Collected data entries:
Start of Block

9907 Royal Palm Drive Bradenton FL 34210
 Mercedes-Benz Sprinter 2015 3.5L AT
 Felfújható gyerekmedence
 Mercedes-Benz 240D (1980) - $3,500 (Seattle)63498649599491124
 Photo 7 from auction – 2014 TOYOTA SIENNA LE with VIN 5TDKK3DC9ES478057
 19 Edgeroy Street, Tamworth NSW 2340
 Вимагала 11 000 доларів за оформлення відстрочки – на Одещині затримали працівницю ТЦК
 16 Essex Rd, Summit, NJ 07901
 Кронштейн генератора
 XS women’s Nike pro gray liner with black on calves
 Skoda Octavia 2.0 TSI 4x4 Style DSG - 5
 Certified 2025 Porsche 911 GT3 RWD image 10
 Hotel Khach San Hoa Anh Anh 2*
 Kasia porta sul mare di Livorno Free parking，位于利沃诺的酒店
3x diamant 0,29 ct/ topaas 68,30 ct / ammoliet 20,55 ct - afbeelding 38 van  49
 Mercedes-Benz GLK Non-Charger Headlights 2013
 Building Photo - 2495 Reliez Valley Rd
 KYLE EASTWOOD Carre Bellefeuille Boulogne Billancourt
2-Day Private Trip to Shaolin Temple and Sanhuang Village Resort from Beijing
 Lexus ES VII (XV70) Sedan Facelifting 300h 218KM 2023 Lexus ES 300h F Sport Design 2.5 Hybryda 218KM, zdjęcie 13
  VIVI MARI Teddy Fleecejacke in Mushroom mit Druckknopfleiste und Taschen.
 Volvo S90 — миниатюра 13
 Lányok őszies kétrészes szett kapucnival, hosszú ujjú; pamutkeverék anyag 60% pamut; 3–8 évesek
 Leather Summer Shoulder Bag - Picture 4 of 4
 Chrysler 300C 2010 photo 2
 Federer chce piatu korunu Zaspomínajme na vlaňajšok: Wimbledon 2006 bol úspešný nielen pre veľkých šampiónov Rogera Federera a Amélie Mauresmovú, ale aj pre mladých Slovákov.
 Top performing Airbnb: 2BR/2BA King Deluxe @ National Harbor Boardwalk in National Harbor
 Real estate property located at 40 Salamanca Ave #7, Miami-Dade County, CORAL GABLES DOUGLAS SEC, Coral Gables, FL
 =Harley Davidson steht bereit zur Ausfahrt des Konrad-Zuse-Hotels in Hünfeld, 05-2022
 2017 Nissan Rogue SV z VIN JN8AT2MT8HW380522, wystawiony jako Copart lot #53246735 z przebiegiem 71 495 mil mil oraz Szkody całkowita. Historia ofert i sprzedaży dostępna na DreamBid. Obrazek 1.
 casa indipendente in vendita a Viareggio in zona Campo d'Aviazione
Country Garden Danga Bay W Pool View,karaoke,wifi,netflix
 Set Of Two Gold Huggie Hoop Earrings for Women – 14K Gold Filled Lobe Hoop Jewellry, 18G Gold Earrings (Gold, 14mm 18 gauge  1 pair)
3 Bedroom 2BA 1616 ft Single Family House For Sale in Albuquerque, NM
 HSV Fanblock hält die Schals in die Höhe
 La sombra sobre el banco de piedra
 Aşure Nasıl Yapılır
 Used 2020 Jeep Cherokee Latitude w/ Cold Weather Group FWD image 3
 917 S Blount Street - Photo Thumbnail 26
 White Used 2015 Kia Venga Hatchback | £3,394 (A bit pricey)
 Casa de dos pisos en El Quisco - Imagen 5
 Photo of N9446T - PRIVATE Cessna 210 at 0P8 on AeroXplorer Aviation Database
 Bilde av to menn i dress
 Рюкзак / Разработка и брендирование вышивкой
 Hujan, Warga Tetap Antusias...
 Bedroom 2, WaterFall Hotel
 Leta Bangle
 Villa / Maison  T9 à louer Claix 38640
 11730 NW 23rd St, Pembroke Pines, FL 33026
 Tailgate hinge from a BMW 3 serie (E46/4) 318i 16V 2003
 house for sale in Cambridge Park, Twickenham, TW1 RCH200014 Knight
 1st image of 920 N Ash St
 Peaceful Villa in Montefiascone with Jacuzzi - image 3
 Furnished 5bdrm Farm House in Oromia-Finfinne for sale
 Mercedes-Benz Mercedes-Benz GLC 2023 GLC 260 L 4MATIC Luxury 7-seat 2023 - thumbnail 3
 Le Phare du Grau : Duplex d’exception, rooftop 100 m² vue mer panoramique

End of Block

→ EXERCISE REQUIREMENTS
Restate the data above word for word, please.

→ RESPONSE
9907 Royal Palm Drive Bradenton FL 34210
 Mercedes-Benz Sprinter 2015 3.5L AT
 Felfújható gyerekmedence
 Mercedes-Benz 240D (1980) - $3,500 (Seattle)63498649599491124
 Photo 7 from auction – 2014 TOYOTA SIENNA LE with VIN 5TDKK3DC9ES478057
 19 Edgeroy Street, Tamworth NSW 2340
 Вимагала 11 000 доларів за оформлення відстрочки – на Одещині затримали працівницю ТЦК
 16 Essex Rd, Summit, NJ 07901
 Кронштейн генератора
 XS women’s Nike pro gray liner with black on calves
 Skoda Octavia 2.0 TSI 4x4 Style DSG - 5
 Certified 2025 Porsche 911 GT3 RWD image 10
 Hotel Khach San Hoa Anh Anh 2*
 Kasia porta sul mare di Livorno Free parking，位于利沃诺的酒店
3x diamant 0,29 ct/ topaas 68,30 ct / ammoliet 20,55 ct - afbeelding 38 van  49
 Mercedes-Benz GLK Non-Charger Headlights 2013
 Building Photo - 2495 Reliez Valley Rd
 KYLE EASTWOOD Carre Bellefeuille Boulogne Billancourt
2-Day Private Trip to Shaolin Temple and Sanhuang Village Resort from Beijing
 Lexus ES VII (XV70) Sedan Facelifting 300h 218KM 2023 Lexus ES 300h F Sport Design 2.5 Hybryda 218KM, zdjęcie 13
  VIVI MARI Teddy Fleecejacke in Mushroom mit Druckknopfleiste und Taschen.
 Volvo S90 — миниатюра 13
 Lányok őszies kétrészes szett kapucnival, hosszú ujjú; pamutkeverék anyag 60% pamut; 3–8 évesek
 Leather Summer Shoulder Bag - Picture 4 of 4
 Chrysler 300C 2010 photo 2
 Federer chce piatu korunu Zaspomínajme na vlaňajšok: Wimbledon 2006 bol úspešný nielen pre veľkých šampiónov Rogera Federera a Amélie Mauresmovú, ale aj pre mladých Slovákov.
 Top performing Airbnb: 2BR/2BA King Deluxe @ National Harbor Boardwalk in National Harbor
 Real estate property located at 40 Salamanca Ave #7, Miami-Dade County, CORAL GABLES DOUGLAS SEC, Coral Gables, FL
 =Harley Davidson steht bereit zur Ausfahrt des Konrad-Zuse-Hotels in Hünfeld, 05-2022
 2017 Nissan Rogue SV z VIN JN8AT2MT8HW380522, wystawiony jako Copart lot #53246735 z przebiegiem 71 495 mil mil oraz Szkody całkowita. Historia ofert i sprzedaży dostępna na DreamBid. Obrazek 1.
 casa indipendente in vendita a Viareggio in zona Campo d'Aviazione
Country Garden Danga Bay W Pool View,karaoke,wifi,netflix
 Set Of Two Gold Huggie Hoop Earrings for Women – 14K Gold Filled Lobe Hoop Jewellry, 18G Gold Earrings (Gold, 14mm 18 gauge  1 pair)
3 Bedroom 2BA 1616 ft Single Family House For Sale in Albuquerque, NM
 HSV Fanblock hält die Schals in die Höhe
 La sombra sobre el banco de piedra
 Aşure Nasıl Yapılır
 Used 2020 Jeep Cherokee Latitude w/ Cold Weather Group FWD image 3
 917 S Blount Street - Photo Thumbnail 26
 White Used 2015 Kia Venga Hatchback | £3,394 (A bit pricey)
 Casa de dos pisos en El Quisco - Imagen 5
 Photo of N9446T - PRIVATE Cessna 210 at 0P8 on AeroXplorer Aviation Database
 Bilde av to menn i dress
 Рюкзак / Разработка и брендирование вышивкой
 Hujan, Warga Tetap Antusias...
 Bedroom 2, WaterFall Hotel
 Leta Bangle
 Villa / Maison  T9 à louer Claix 38640
 11730 NW 23rd St, Pembroke Pines, FL 33026
 Tailgate hinge from a BMW 3 serie (E46/4) 318i 16V 2003
 house for sale in Cambridge Park, Twickenham, TW1 RCH200014 Knight
 1st image of 920 N Ash St
 Peaceful Villa in Montefiascone with Jacuzzi - image 3
 Furnished 5bdrm Farm House in Oromia-Finfinne for sale
 Mercedes-Benz Mercedes-Benz GLC 2023 GLC 260 L 4MATIC Luxury 7-seat 2023 - thumbnail 3
 Le Phare du Grau : Duplex d’exception, rooftop 100 m² vue mer panoramique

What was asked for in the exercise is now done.